Sent from my iPhone using Tapatalk


----------



## Zvonmonet (Dec 4, 2012)

FINAL FLOOR PLAN FOR THIS YEARS EVENT.










We have a full house, we are really excited for this years event. Got a lot of interesting things planned.

*Guest speakers will cover 2 topics.
*
1. Importing of livestock
2. OPEN Question and Answers discussion about Aquarium Equipment.

Also if you would like to see something in particular at the event please feel free to post it (Corals, Frags, Dry-goods, Livestock, or Equipment)

Parking is underground and its FREE!!!!
There is a cafeteria where you can get food/drinks if you like

----------------------------------------------------------------------------------------------------------------------------------------------

There is also a give away to the FIRST 10 PEOPLE !!!!!!

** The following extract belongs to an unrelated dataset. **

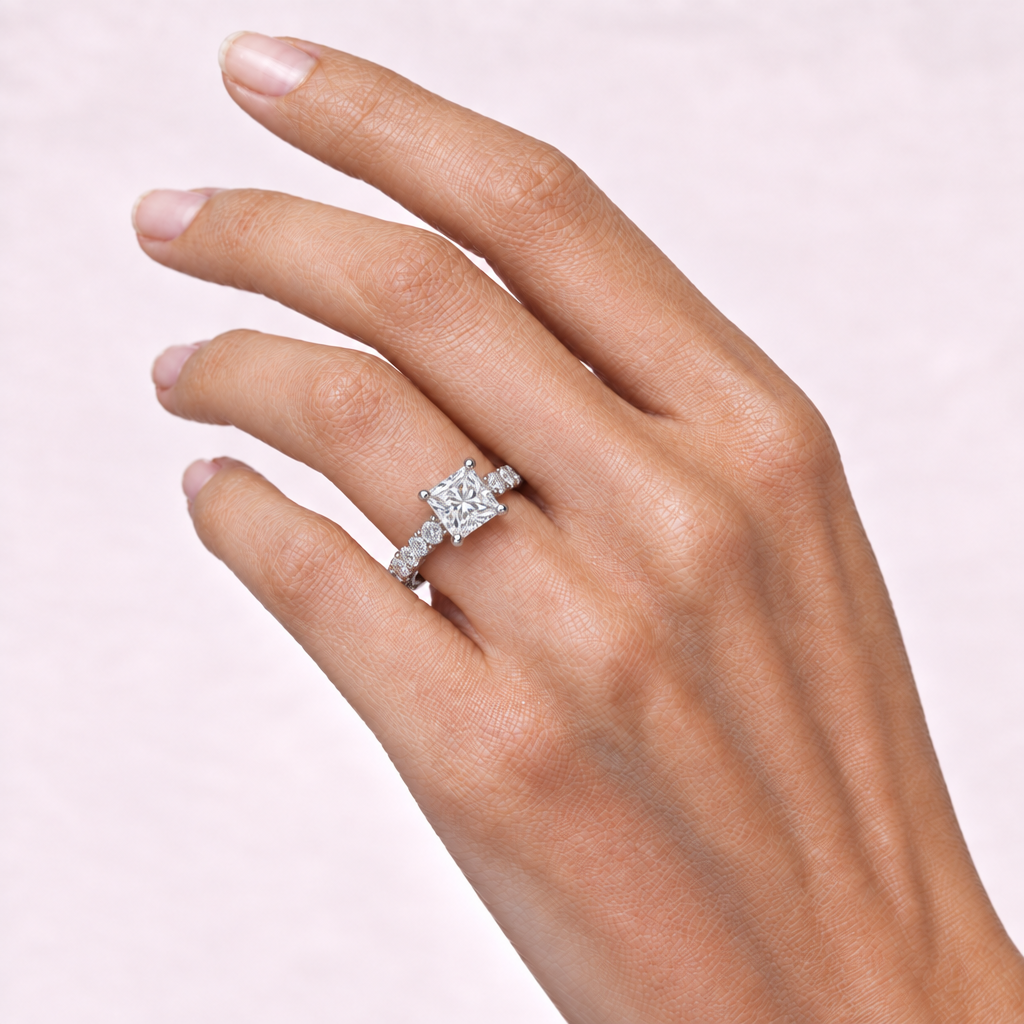 Hand wearing white-metal princess-cut ring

First 10 people to the "Don't risk it, dip it!" sign at the *Incredible Aquarium* booth mentioning which type of coral Joseph puts in uncle Dave's aquarium in the video in this link below will receive a free 8oz bottle of Coral Rx.
IN THIS VIDEO! CLICK THE LINK
http://www.coralrx.com/


----------



## Zvonmonet (Dec 4, 2012)

*FRAG MEET SCHEDULE*

12:00pm - Doors Open to the Public

2:00pm - First Guest speaker - Discussion about importing livestock

2:30pm - Second Guest Speaker - Open Discussion about Equipment

4:15pm - Raffle Items Drawing

5:00pm - End of Show


----------



## uniboob (Dec 29, 2012)

Does anyone know how much was raised for charity?


----------



## Zvonmonet (Dec 4, 2012)

around $400 don't remember the exact amount of top of my head. Mike will be sending it out shortly


----------



## Reef Hero (Mar 2, 2014)

Wow! Great work to all those involved!! Can't believe we can all have a great time, pickup some sweet corals, and still give some $$ to a charity...


----------